# OMG, Junior Seau RIP



## pushpull7 (May 2, 2012)

Former Patriots linebacker Junior Seau found dead in apparent suicide - The Buzz - Boston.com sports news


----------



## Imbrium998 (May 2, 2012)

Completely baffled about this one. Sad to loose such a talented guy.


----------



## ZXIIIT (May 2, 2012)

This town is going to be a wreck.


----------



## VBCheeseGrater (May 2, 2012)

Yeah this is sad and totally unexpected. I'm sure this is going to bring the whole concussion thing to even greater awareness. Seau seemed like the last guy that would be committing suicide. RIP


----------



## Demiurge (May 2, 2012)

vbshredder said:


> Yeah this is sad and totally unexpected. I'm sure this is going to bring the whole concussion thing to even greater awareness. Seau seemed like the last guy that would be committing suicide. RIP



Indeed... one of my first thoughts after hearing this was that Dave Duerson ended his life the same way about a year ago and left a request that his brain be studied for the effects of concussions.

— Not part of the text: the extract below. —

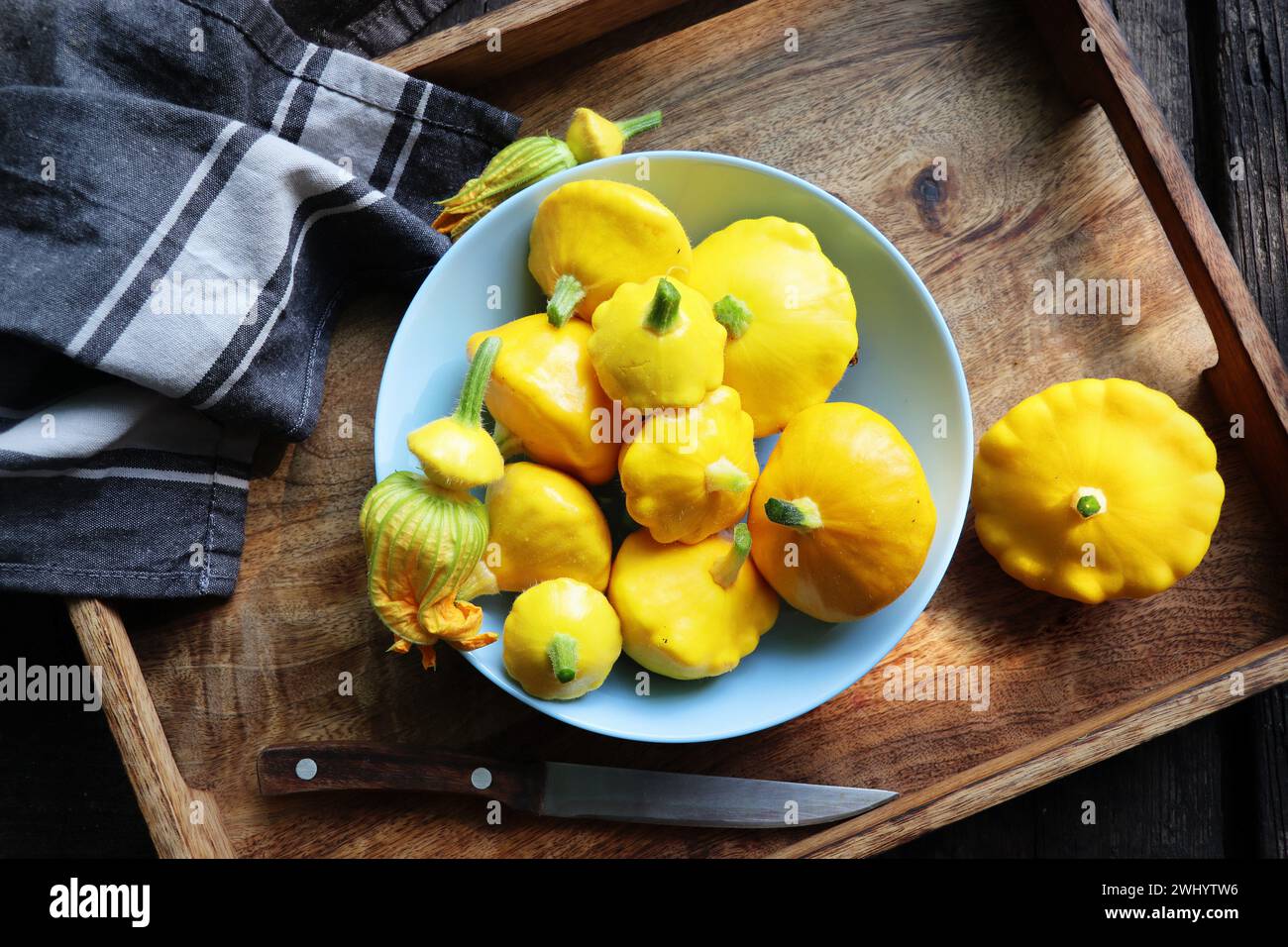 Gelber Patisson, pattypisches Jakobsmuschel-Kürbisgemüse auf blauer Platte auf weißem Marmortischhintergrund. Draufsicht, flach. Herbst, f Stockfoto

Of course, there shouldn't be a rush to judgment on this either way, but it's hard to unthink some thoughts.


----------



## ZXIIIT (May 3, 2012)

vbshredder said:


> Seau seemed like the last guy that would be committing suicide. RIP



He attempted it a year or two ago by driving his car off a cliff.


----------



## VBCheeseGrater (May 3, 2012)

^^^ Good point, but even that is debatable as he said he fell asleep, My point was just that he always seemed like a happy dude publicly that enjoyed life. Guess you never know what's going on with someone.

Demi - i do hope his brain is studied like the other guy, because if it is football related, it's time to start making some changes. I always thought helmets do more bad than good - wonder if rugby players are dealing with the same stuff.


----------



## ZXIIIT (May 3, 2012)

vbshredder said:


> ^^^ Good point, but even that is debatable as he said he fell asleep, My point was just that he always seemed like a happy dude publicly that enjoyed life. Guess you never know what's going on with someone..

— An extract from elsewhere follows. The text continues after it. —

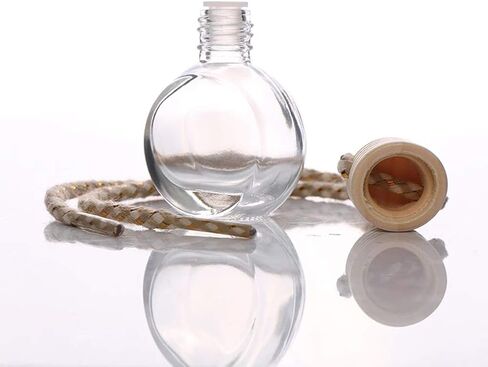 زجاجة ناشر الزيوت العطرية للعلاج العطري للسيارة، 10 عبوات من زجاجات معطر هواء السيارة الفارغة المعلقة وزجاجة عطر وإكسسوارات ديكور لتزيين نافذة السيارة (دائرية) in Kuwait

Oh, I did not know that, I really don't keep up with sports stuff but I remember hearing that on the radio.

:/


----------



## VBCheeseGrater (May 3, 2012)

yeah you are likely right anyway i think he tried to play it off, but who wouldn't?


----------



## Demiurge (May 3, 2012)

vbshredder said:


> I always thought helmets do more bad than good - wonder if rugby players are dealing with the same stuff.



I suppose there's an argument that protective gear is more effective in allowing people to dish out the big hits safely than it is in protecting from said big hits.


----------